No one knows how many hymns she wrote, though it was certainly over 8,000. Among them were hymns we know and love today: Blessed Assurance, Pass Me Not, O Gentle Saviour, and Jesus Is Tenderly Calling You Home. Her problem was volume; publishers didn't want too many in their hymn books by the same person, so she wrote under pseudonyms. One of them was Frances van Alstyne,but she used several other pseudonyms and no one knows how many. A couple of years ago some famous modern singers produced and album of new songs by her; a forgotten archive of 2,700 were found in her publisher's files and set to new tunes.

Writing about her blindness, she said: 'It seemed intended by the blessed providence of God that I should be blind all my life, and I thank him for the dispensation. If perfect earthly sight were offered me tomorrow I would not accept it. I might not have sung hymns to the praise of God if I had been distracted by the beautiful and interesting things about me.'

She lived a long life and not a particularly easy one. She was married; her husband Alexander van Alstyne was blind too. They had a daughter, who died in infancy.

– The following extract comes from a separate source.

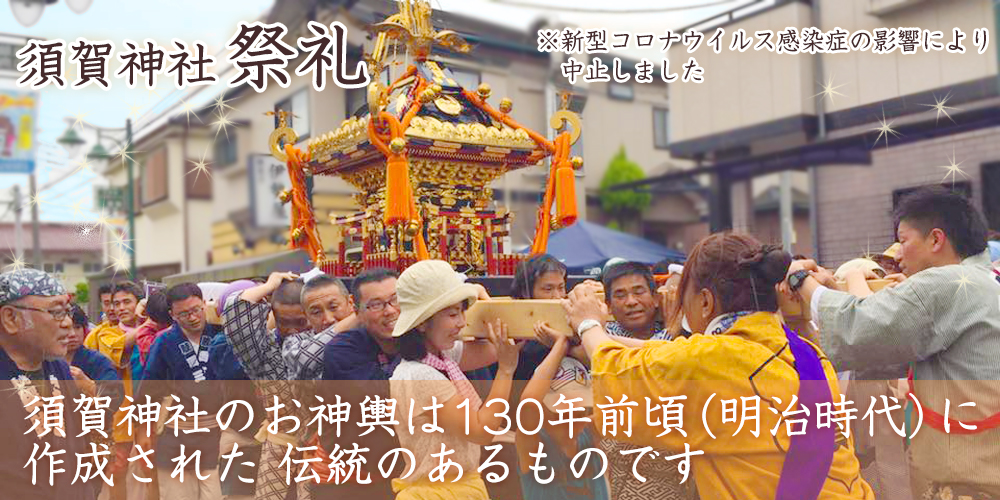 須賀神社祭礼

After that they grew apart and lived separately, but they remained on good terms.

'He had his faults – and so have I mine, but notwithstanding these, we loved each other to the last,' she wrote.

She could have made a fortune from her work, but gave it all away, and lived in not much more than a slum. Her publishers, on the other hand, did very well from her work.

Fanny Crosby was a great saint of God who lived a selfless life to his praise and glory. We benefit from her gifts and self-sacrifice today.